I like to understand how things work and use that understanding to build fun things. Sometimes, that means treehouses for my daughters. Sometimes, that means new AI models.

Neural Diversity Regularizes Hallucinations in Language Models

Link: https://arxiv.org/abs/2510.20690
Status: Accepted, Transactions in Machine Learning Research (2026)

What if the cause of AI hallucinations was noise? (Not lack of knowledge?)

Markowitz won a Nobel for one idea: don’t hold assets that crash together. (Correlated risks.) Borrowing from portfolio theory, we re-interpret a model’s parallel reasoning lanes as a portfolio and find them badly under-diversified, so their errors line up instead of canceling. De-correlating them cuts hallucinations up to 25.6% at no cost to capability and the portfolio math predicts 94.3% of the variance we see.

Upshot: Alongside data and parameters, neural diversity is an orthogonal, third axis to build more reliable models.

Reliability peaks at an optimal amount of neural diversity (P*), then falls off on either side — and a simple theory predicts the curve almost exactly (R² = 0.943).

Multi-Head Attention is a Multi-Player Game

Link: https://arxiv.org/abs/2602.00861
Status: Under review

Why does a model optimizing one goal still sabotage itself?

Because it’s not one mind. A transformer’s many attention heads run independently, coordinating and competing with each other in non-trivial ways — duplicated work, correlated mistakes — but we continue to train them as if it was a monolith.

Borrowing from game theory, we reframe gradient descent on cross-entropy loss as a game with multiple players, demonstrating that its price of anarchy explains redundant heads and hallucination. By gently taxing anarchy, we show that you can herd those selfish heads into more effective coalitions and improve reliability up to 18% without any loss of capability.

Upshot: Attention is all you need, but coordination is what you lack.

The attention heads of a layer, before and after training with game-aware regularization. Weak coupling (left) reorganizes into strong coalitions (right).

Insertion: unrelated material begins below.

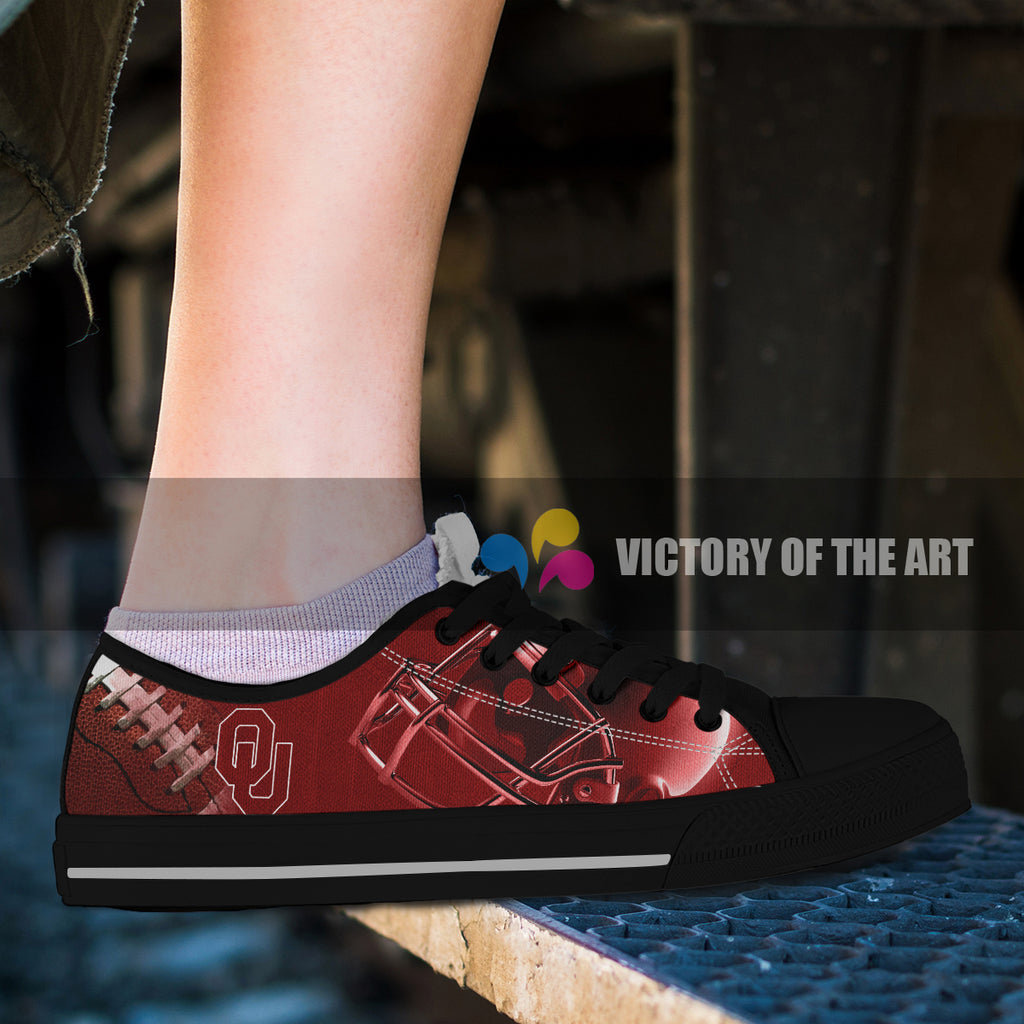 Artistic Scratch Of Oklahoma Sooners Low Top Shoes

Reliability Inverse Scaling: Bigger Models Compound Mistakes Faster

Link: (forthcoming)
Status: Under review

We keep assuming bigger models will be trustworthier. This paper shows the opposite — reliability scales inversely.

As models get bigger, they get more fragile. Their answers start truer but go wrong faster — capability and reliability are separate dials, and scale spins them in opposite directions. As models scale, the knowledge gap shrinks by ~6×, yet the rate at which it degrades what it already knows grows by 11–39×. The culprit isn’t missing facts but a hidden risk: the model blurts out one low-odds word, treats its guess as settled fact, and builds on it — its self-doubt goes quiet while the real risk hides from detectors built to catch it. If you squeeze that one risk, hallucinations drop by 35-74%.

Upshot: Bigger models are more fragile.